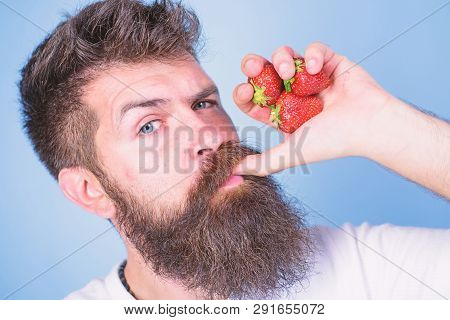 Fresh Juice Concept. Hipster Bearded Holds Strawberries Fist As Juice Bottle. Man Strict Face Enjoy 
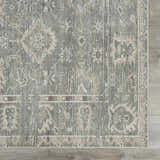 Close-up of the Collins Avenue I Vintage Oushak Area Rug. Features a traditional beige, gray, and brown pattern. Swatch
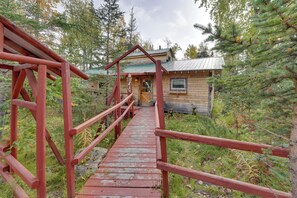 Una cabaña de madera con techo de metal, accesible por un puente de madera con barandillas rojas.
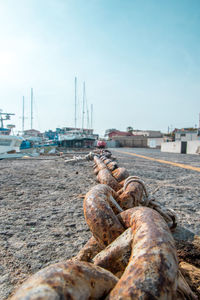 Boats moored on shore against sky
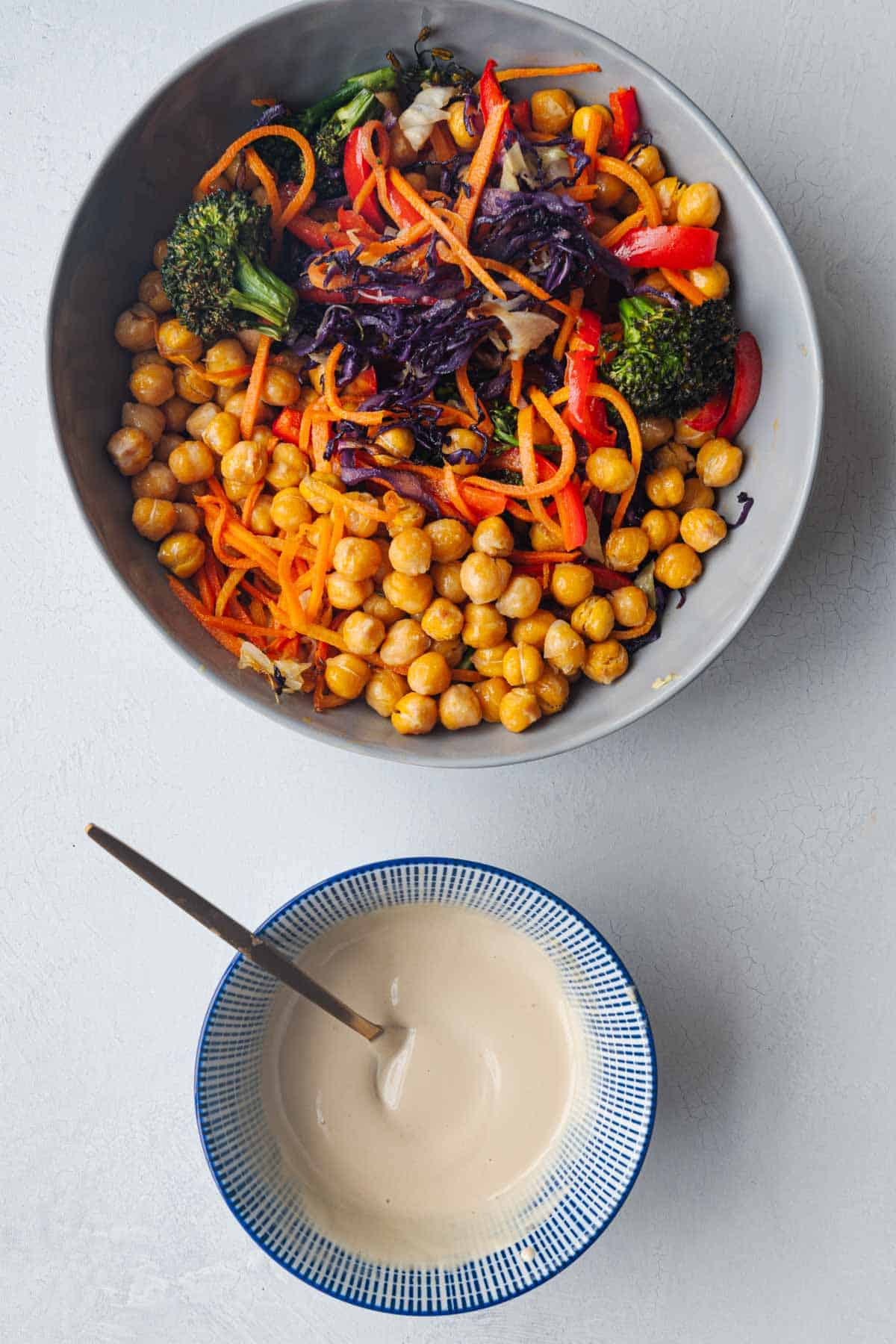 Roasted vegetable salad with chickpeas and broccoli next to a bowl with tahini dressing.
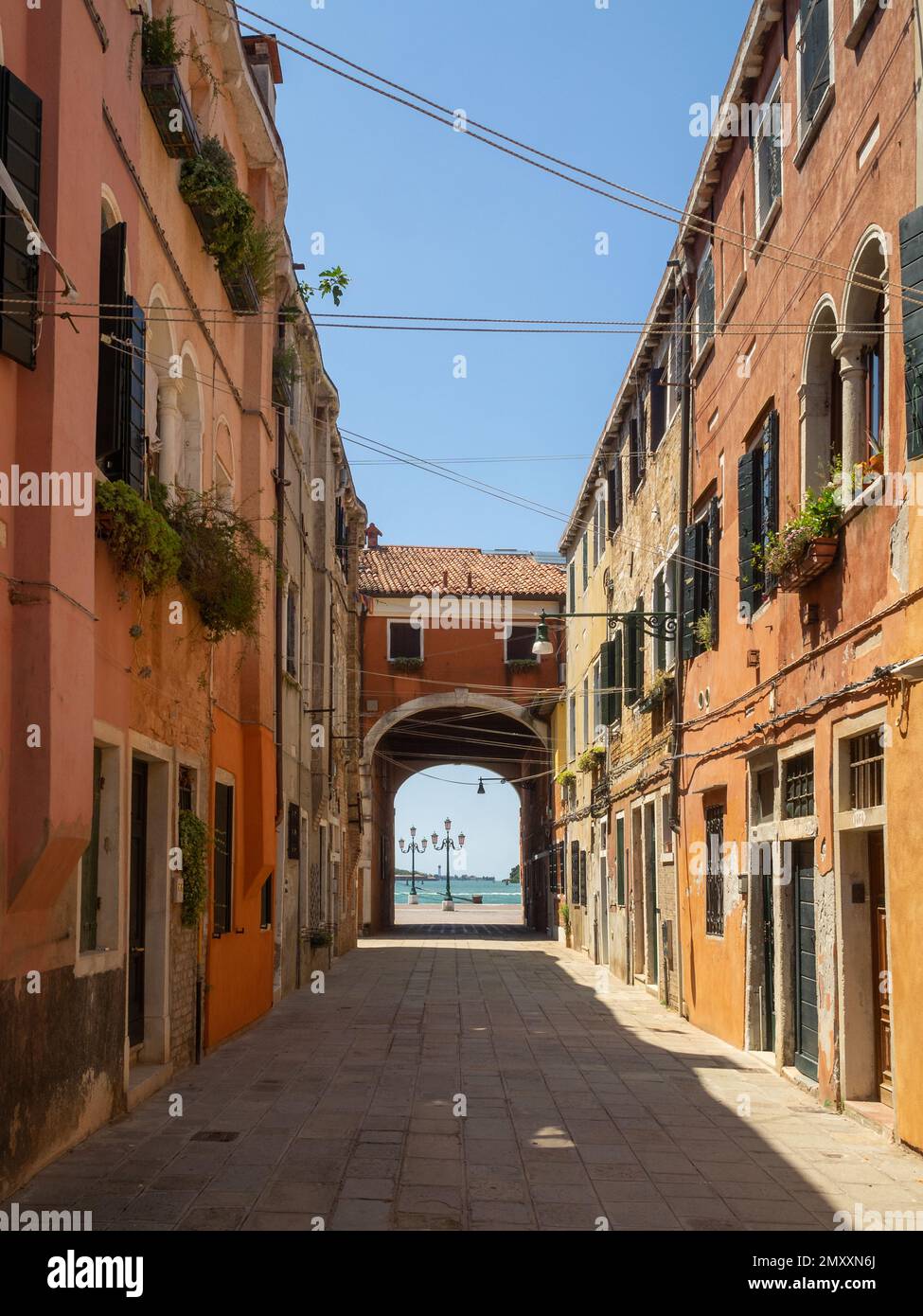 An empty Castello street with the lagoon at the end, Venice Stock Photo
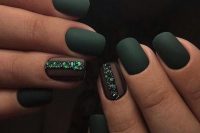 matte hunter green nails and heavily embellished emerald accent nails are amazing for a glam fall bride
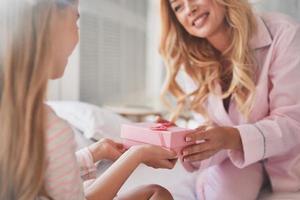 Everything for her princes. Young attractive mother giving a present to her cute little daughter while sitting on the bed at home photo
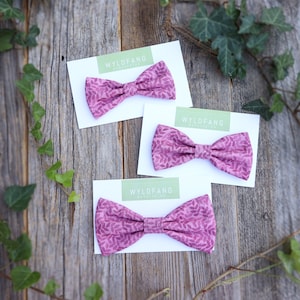 Pink dog bow tie made of cotton fabric with floral print for attachment to your dog collar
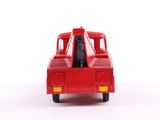 a red toy truck that is sitting on a white surface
= = =
• Work instructions
Repeat the listing above from its first line through the line that contains "Close-up of the", both included, and nothing more. Drop the pictures.

• Task response
 Fresh Juice Concept. Hipster Bearded Holds Strawberries Fist As Juice Bottle. Man Strict Face Enjoy 
 Close-up of the Collins Avenue I Vintage Oushak Area Rug. Features a traditional beige, gray, and brown pattern. Swatch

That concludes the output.